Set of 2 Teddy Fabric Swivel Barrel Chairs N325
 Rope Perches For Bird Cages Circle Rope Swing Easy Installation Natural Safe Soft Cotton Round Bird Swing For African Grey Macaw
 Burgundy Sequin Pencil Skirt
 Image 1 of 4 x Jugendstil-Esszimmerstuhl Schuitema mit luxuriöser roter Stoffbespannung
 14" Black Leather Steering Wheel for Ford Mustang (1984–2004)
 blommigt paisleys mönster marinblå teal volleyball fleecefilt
┄┄┄┄┄┄┄┄┄┄┄┄┄┄┄┄┄┄┄┄
= Exercise aim =
The requested output is the line holding "Ford Mustang (1984–2004)" and every line after it up to the last line of the listing, exactly, with nothing else.

= Final answer =
 14" Black Leather Steering Wheel for Ford Mustang (1984–2004)
 blommigt paisleys mönster marinblå teal volleyball fleecefilt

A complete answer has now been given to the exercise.